The bigger issue is that there is so much potential to help people by just being a little more innovative. It should take only two minutes using various social media monitoring tools to go and look across Twitter, Facebook and Linked In at everyone with concerns and interest in “nutrition AND cancer”, bringing back thousands of results within a couple of hours.

One could then send all these people a message within one click to draw them through to the site, perhaps even to a landing page that specifically relates to their concerns. None of this is rocket science but too few charities are engaging with people in this way.

Unlike email, social media is novel enough that these personal approaches work. I am constantly surprised by how accessible the world is through these social platforms. Last night for example, I was exchanging messages with people I wouldn’t be able to get to in a hundred years. The world is small and fortuitously beneficial to us in our social age.

Relying on dry facts

It is also frustrating when the causes behind charities are so compelling, but their websites rely on dry facts. A simple short story from a credible source has far more impact, and if we want to achieve behaviour change we need to start with emotional engagement.

The problem with most charity websites, like the one I visited, is that developers or design agencies forget we’re dealing with real human beings with real concerns, challenges and cares.

Videos can be a good way to remedy this, and allows the charity to really show what they’re about. And you don’t need slickly produced celebrity-studded masterpieces. Short interviews with those who’ve benefited from charity funds can have just as much impact, as can a simple animation with an explanatory voiceover.

A regularly updated blog is also a great way to keep supporters updated with activity and tell the stories of those helped by the charity. It also offers the opportunity to increase a charity’s visibility and digital reach by boosting it up Google’s organic search. So it ought to be a top priority when it comes to a charity’s marketing strategy – and it doesn’t cost a penny.

Display of target thermometers

Many charities also fail to build a sense of urgency into their web donations, but target thermometers can work well. This is because smaller goals are more attractive as a result of their achievability.

Tapping into this psychology by launching micro campaigns supported by target thermometer graphics can be a good option to pursue, helping to tick all the boxes in that people know where exactly their money is going and can see the direct impact their own donation has made.

When it comes to the actual process of making a donation, the simpler the better. As soon as visitors are convinced they want to help charities need to make it easy, and this means as few questions as possible and a non-registering, one-off donation option.

Another tactic to boost repeat donations is to create sign-in profiles for users. This allows charities to securely store credit card information on third party servers via, for example, CTT or Stripe, and reduce the number of times a donor has to enter their details.

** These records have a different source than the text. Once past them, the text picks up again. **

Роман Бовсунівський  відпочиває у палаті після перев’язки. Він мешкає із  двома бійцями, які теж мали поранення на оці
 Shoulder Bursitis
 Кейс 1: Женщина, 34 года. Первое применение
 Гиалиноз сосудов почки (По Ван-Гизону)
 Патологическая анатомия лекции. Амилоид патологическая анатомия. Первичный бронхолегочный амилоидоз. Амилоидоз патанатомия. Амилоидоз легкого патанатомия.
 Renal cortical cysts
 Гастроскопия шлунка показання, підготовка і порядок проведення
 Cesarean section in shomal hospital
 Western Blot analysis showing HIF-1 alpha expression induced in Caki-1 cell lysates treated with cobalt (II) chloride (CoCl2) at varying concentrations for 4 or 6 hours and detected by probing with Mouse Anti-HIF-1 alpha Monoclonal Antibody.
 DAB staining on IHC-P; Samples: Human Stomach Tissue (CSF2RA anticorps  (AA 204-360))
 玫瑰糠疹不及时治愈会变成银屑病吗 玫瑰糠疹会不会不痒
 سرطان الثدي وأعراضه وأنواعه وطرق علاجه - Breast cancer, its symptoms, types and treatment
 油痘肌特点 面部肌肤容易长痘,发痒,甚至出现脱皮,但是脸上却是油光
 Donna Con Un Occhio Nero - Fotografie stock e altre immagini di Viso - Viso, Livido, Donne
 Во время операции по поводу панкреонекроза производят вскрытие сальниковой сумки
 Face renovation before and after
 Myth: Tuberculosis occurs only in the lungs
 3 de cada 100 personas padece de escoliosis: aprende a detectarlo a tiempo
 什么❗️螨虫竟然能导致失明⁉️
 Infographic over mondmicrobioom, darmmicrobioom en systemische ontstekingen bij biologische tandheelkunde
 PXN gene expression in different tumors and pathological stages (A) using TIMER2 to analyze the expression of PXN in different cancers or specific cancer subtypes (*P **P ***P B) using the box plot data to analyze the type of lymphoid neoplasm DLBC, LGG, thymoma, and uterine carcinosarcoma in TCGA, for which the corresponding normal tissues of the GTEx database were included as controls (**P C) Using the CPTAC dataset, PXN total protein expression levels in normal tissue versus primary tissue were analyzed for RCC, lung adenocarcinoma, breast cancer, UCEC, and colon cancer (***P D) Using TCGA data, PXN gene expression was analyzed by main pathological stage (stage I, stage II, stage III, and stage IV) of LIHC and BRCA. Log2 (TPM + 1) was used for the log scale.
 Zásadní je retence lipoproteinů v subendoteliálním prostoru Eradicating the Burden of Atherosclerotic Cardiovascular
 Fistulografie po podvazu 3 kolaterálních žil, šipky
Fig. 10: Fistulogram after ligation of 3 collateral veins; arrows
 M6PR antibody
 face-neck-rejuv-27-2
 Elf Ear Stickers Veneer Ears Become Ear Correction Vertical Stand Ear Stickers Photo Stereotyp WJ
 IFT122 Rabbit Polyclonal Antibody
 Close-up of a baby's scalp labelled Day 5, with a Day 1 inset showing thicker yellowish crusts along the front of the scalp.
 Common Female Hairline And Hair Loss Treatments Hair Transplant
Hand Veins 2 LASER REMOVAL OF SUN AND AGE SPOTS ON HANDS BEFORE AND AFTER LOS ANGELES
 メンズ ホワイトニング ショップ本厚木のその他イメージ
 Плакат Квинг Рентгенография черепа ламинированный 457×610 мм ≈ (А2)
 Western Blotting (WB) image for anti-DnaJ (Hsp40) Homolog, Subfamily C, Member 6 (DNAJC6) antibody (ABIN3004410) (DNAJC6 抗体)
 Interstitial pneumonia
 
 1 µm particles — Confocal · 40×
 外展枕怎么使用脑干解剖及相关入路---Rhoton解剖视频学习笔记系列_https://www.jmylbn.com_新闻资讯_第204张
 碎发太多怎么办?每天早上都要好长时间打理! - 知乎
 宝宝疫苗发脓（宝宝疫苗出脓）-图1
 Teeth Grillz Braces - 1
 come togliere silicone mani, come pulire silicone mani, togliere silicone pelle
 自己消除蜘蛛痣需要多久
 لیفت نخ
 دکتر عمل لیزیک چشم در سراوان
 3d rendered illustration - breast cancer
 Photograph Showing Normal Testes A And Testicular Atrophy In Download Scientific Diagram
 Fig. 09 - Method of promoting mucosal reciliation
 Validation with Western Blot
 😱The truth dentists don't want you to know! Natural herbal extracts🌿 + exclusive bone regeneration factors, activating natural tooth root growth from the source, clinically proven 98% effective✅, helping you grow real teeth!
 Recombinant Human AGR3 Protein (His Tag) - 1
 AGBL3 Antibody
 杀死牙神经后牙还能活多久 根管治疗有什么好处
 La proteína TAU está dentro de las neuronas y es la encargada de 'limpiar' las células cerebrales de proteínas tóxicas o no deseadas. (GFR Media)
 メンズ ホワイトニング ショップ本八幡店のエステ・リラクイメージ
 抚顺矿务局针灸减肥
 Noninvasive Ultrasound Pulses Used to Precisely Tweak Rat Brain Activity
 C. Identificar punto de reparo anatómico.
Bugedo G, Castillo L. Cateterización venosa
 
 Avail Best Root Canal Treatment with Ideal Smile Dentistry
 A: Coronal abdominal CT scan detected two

Increasing charitable donations

Already increasing the conversion rate from visitor to customer on e-commerce sites it can do the same for charitable donations. Also, just as e-commerce sites have learnt, in an age of smartphones and tablets, failing to have a website formatted for viewing across different devices is like buying a Swiss Army knife without the bottle opener.

Instead it’s worth consulting with an expert when designing a website to ensure it has a mobile responsive design.

But leaving behind the nitty-gritty technical details, to get the most out of their websites charities simply need to establish why people should give up their time or money and exactly what that will involve, but this is often glossed over by charities.

Importance of the charity

Perhaps too close to the issue they fail to recognise the need to convince people of its importance, but this is really the crux of the issue. Charities have a responsibility to cater for real people and provide real solutions to their needs through their websites. As a result the human interest element, a personalised experience needs to be prioritised.